#### Work to be completed
Only the lines from the beginning of the entries through the one that holds "2023 caterpillar 301.8" may appear in the answer, written out exactly and free of pictures.
++++ Data supplied ++++
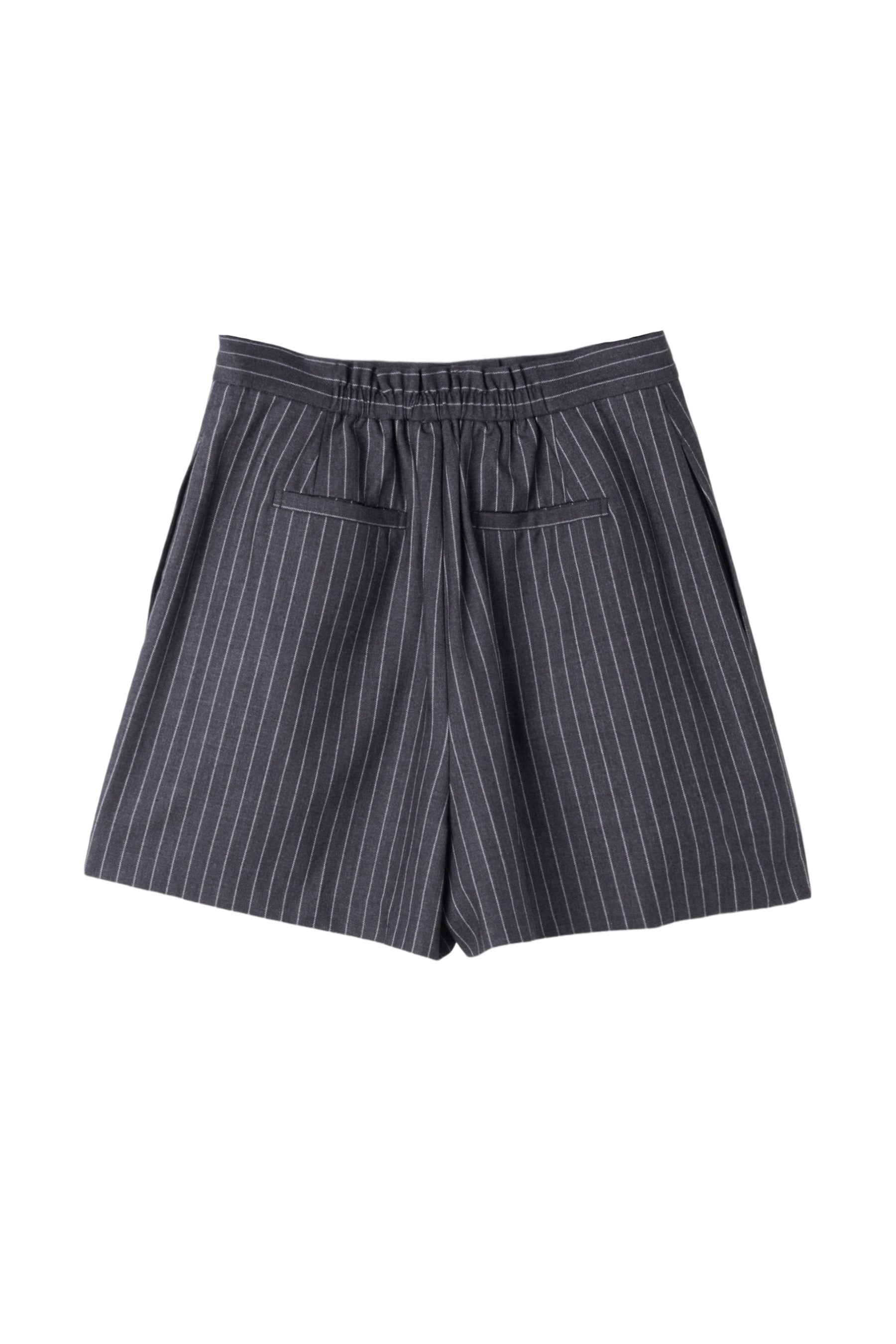 【9月中旬発送】Double Tuck Front Shorts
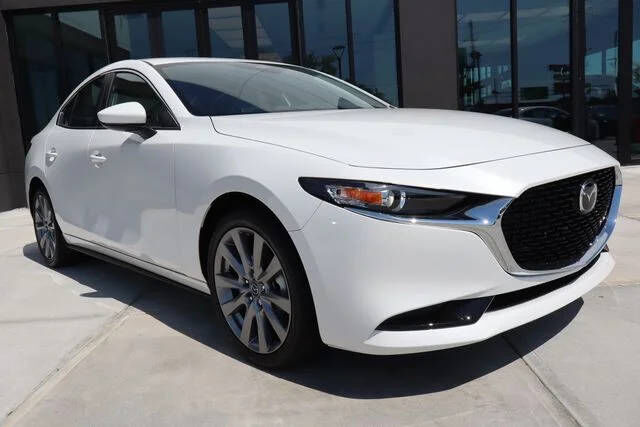 2026 MAZDA Mazda3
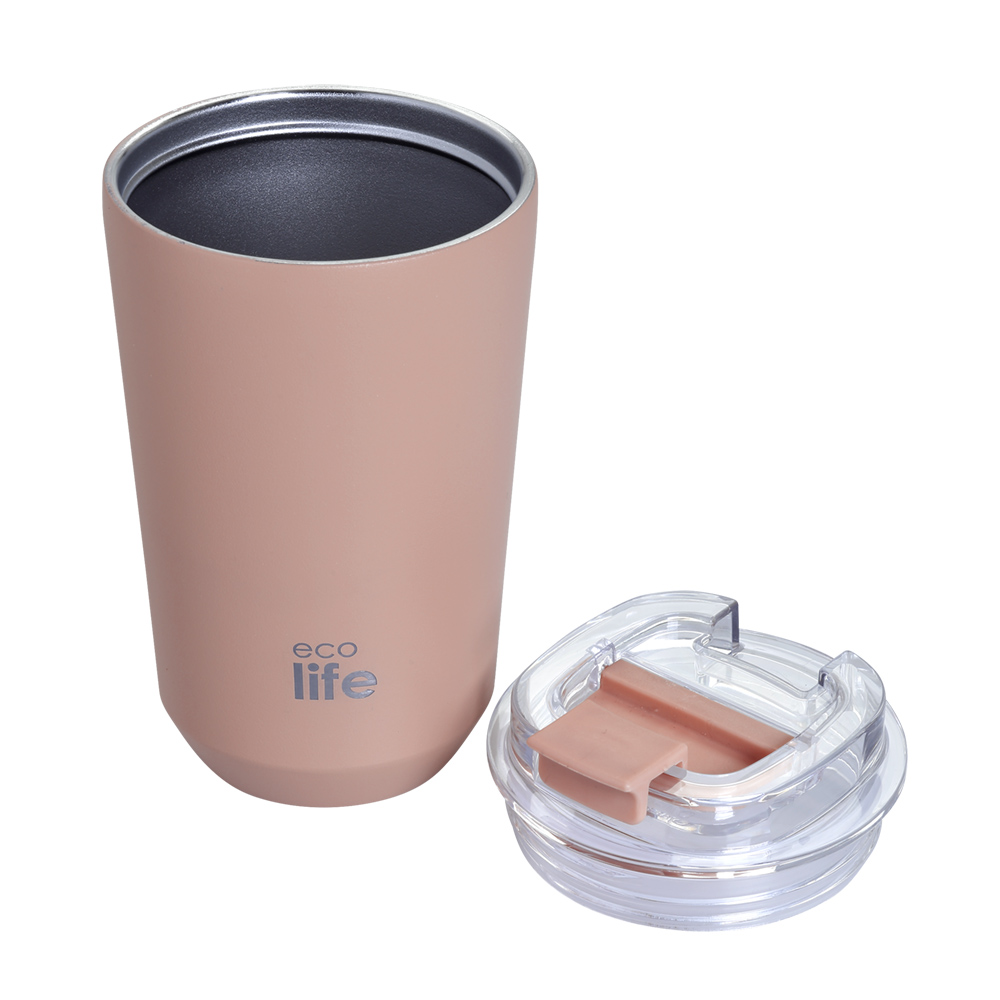 PURE RINK COFFEE THERMOS 360ML ΔΙΑΦΑΝΕΣ ΚΑΠΑΚΙ PURE RINK COFFEE THERMOS 360ML ΔΙΑΦΑΝΕΣ ΚΑΠΑΚΙ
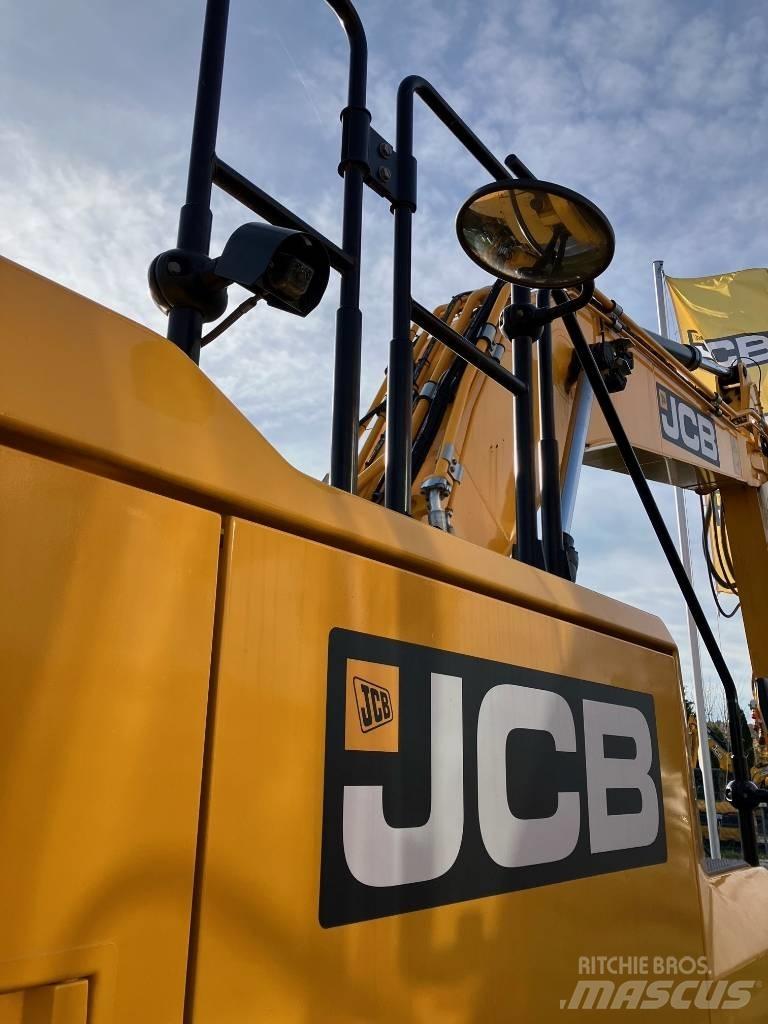 JCB 220X Гусеничні екскаватори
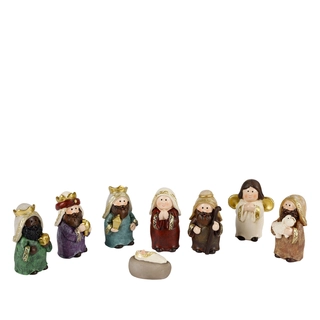Kerststal Set 8-delig Modern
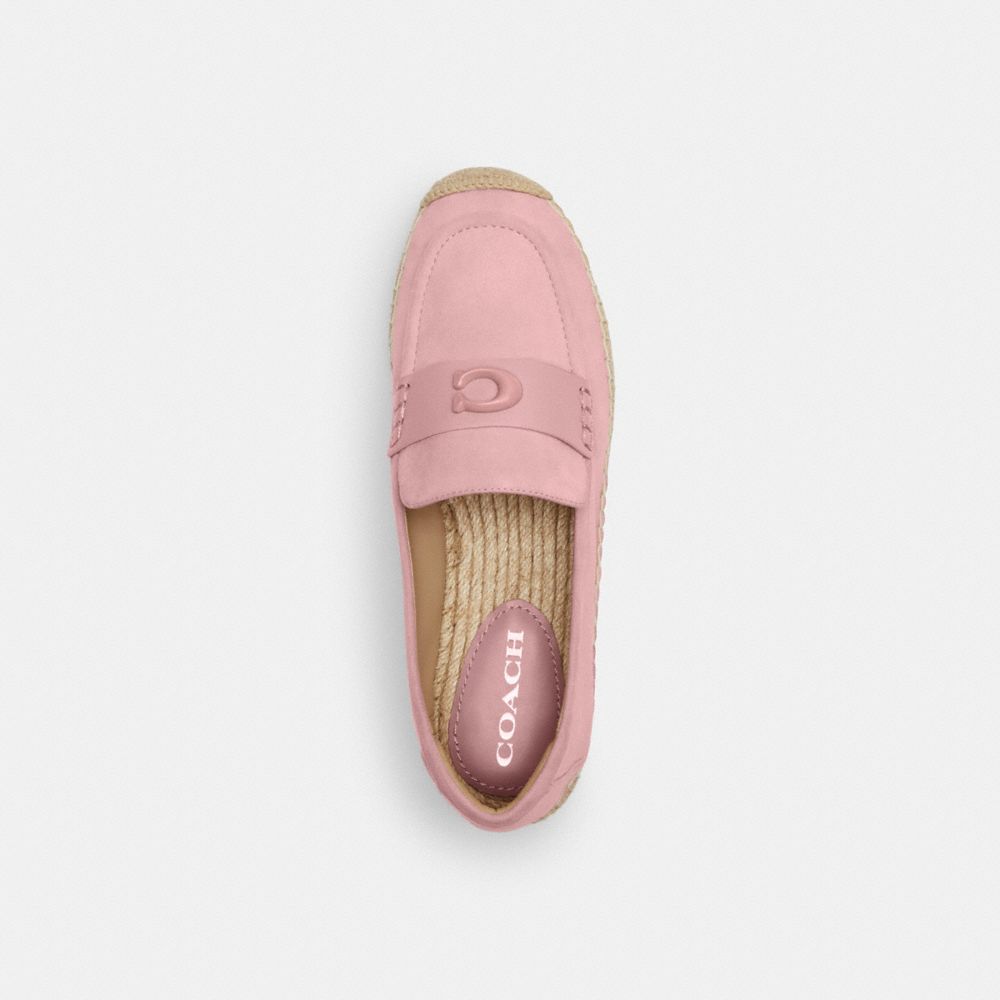 Pink Coach Camilla Soft Women Espadrille | PH_CH23739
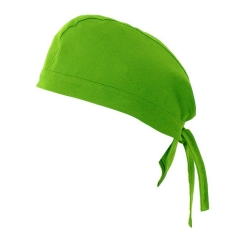 Bandana de bucatar moderna 404002 Velilla-Lime Green-25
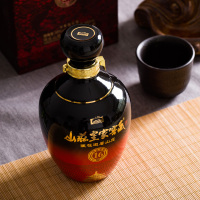 [中华老字号]山庄皇家窖藏 38度16年 450ml单瓶装 非遗酿造浓香型白酒 承德特产
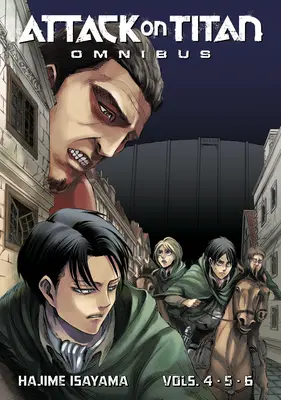 Attack on Titan Omnibus 2 (tom 4-6) - Attack on Titan Omnibus 2 (Vol. 4-6)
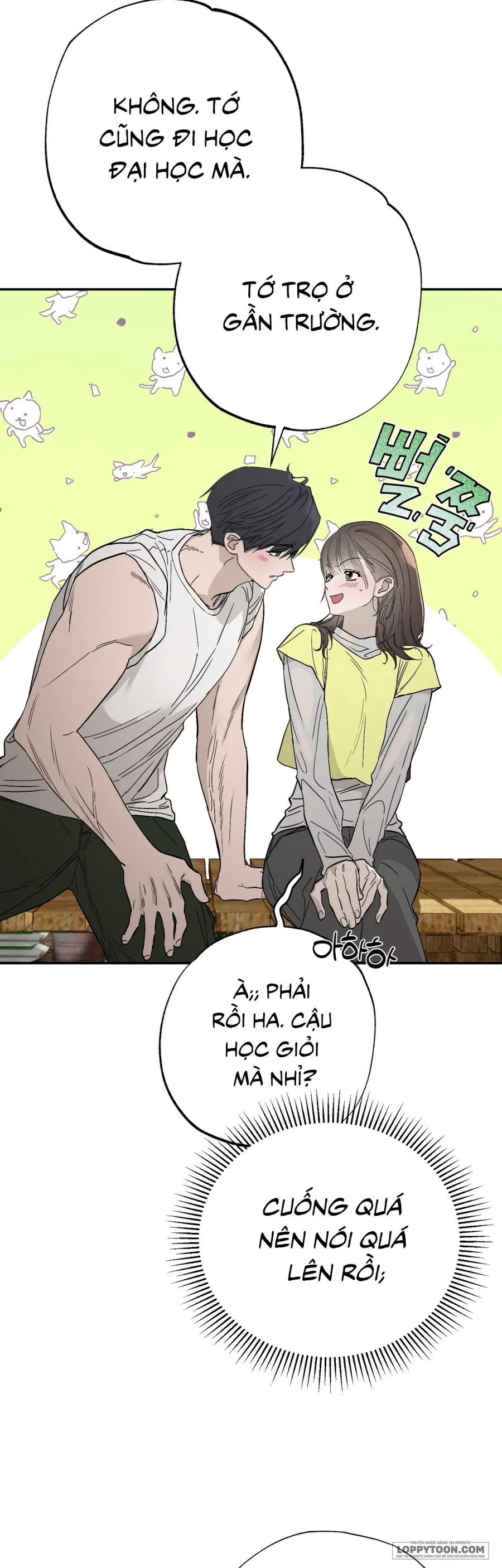 [KHÔNG CHE] Ẩn Tình Nơi Vườn Cây Ăn Quả - Chap 11 - Trang 54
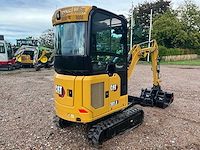 2023 caterpillar 301.8 minigraafmachine - afbeelding 25 van  28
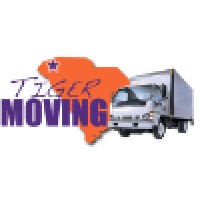 Tiger Moving | Greenville SC Movers Logo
++++
#### Task response
 【9月中旬発送】Double Tuck Front Shorts
 2026 MAZDA Mazda3
 PURE RINK COFFEE THERMOS 360ML ΔΙΑΦΑΝΕΣ ΚΑΠΑΚΙ PURE RINK COFFEE THERMOS 360ML ΔΙΑΦΑΝΕΣ ΚΑΠΑΚΙ
 JCB 220X Гусеничні екскаватори
Kerststal Set 8-delig Modern
 Pink Coach Camilla Soft Women Espadrille | PH_CH23739
 Bandana de bucatar moderna 404002 Velilla-Lime Green-25
 [中华老字号]山庄皇家窖藏 38度16年 450ml单瓶装 非遗酿造浓香型白酒 承德特产
 Attack on Titan Omnibus 2 (tom 4-6) - Attack on Titan Omnibus 2 (Vol. 4-6)
 [KHÔNG CHE] Ẩn Tình Nơi Vườn Cây Ăn Quả - Chap 11 - Trang 54
 2023 caterpillar 301.8 minigraafmachine - afbeelding 25 van  28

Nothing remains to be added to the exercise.